Underlying both of these setbacks is a nagging belief among Americans of all ideological stripes that curbing climate change will hurt the economy. Whether people believe climate change is real or the hoax of the century, everyone assumes that serious economic pain is part of the deal.
Sure, many political leaders have used terms like “green jobs” to frame environmental spending as inherently stimulative. But the sense remains that all paths to reduced greenhouse gas emissions will increase energy prices. In a time of recession, that doesn’t bode well for the prospects of reform. Any workable, lasting solution to climate change must be simultaneously pro-profit and pro-planet.
Sound impossible? It isn’t. Outside the parameters of the current Washington debate lie a slew of market-based solutions. These proposals, which would induce profitable reduction of greenhouse gas emissions, transcend the stale categories of left and right, pro-environment and pro-business. Their premise is simple: global warming is the defining challenge of our time — and if we’re going to tackle it, we must find a way to grow the economy in the process.

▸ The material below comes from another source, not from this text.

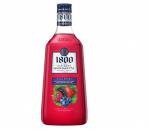 1800 Ultimate Wild Berry 0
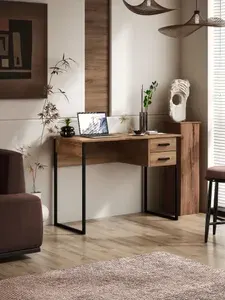 MFMaster Компьютерный стол, 105.5х51х76.5 см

No matter how dire our climate crisis is, the best of intentions won’t solve the problem. As Adam Smith, the original free market economist, taught us back in the 18th century, “It is not from the benevolence of the butcher, the brewer, or the baker that we expect our dinner, but from their regard to their own interest.” Similarly, we cannot expect results from the benevolence of the utility, the independent power producer, or the manufacturer. We must adopt policies that harness self-interest to serve both the economy and the planet.
Unfortunately, a century of regulations and vested interests in the energy markets have violated Smith’s vision. Perhaps most importantly, market distortions are hindering efficiency in the way we produce power, effectively forcing citizens to pay to warm the planet. These barriers make it virtually impossible to cope with the climate crisis. But with a little creativity, we could use Smith’s 18th century wisdom to rescue our planet from a 21st century calamity.
How? This policy paper provides part of the answer. First, it traces a brief history of the energy industry, showing how a system created with the best of intentions has become calcified, destructive, and profoundly anti-competitive. It outlines the origins of these problems and explores why the electric grid’s efficiency gains ground to a screeching halt in 1960.
As a case study, this paper looks at the restraints this system has imposed on energy recycling, an approach to power that’s far more efficient than the typical power plant. Combined heat and power and waste heat recovery, two of the most common forms of energy recycling, achieve double the efficiency of today’s conventional power generation. Deploying these approaches would lower energy costs and global warming pollution.
This paper ends by explaining nine steps Congress can take to harness the power of self-interest — of markets — to achieve real reform. Each part of the plan provides a resounding “yes” to four key questions:
With solutions that satisfy these criteria, there’s no reason why energy reform can’t happen this year.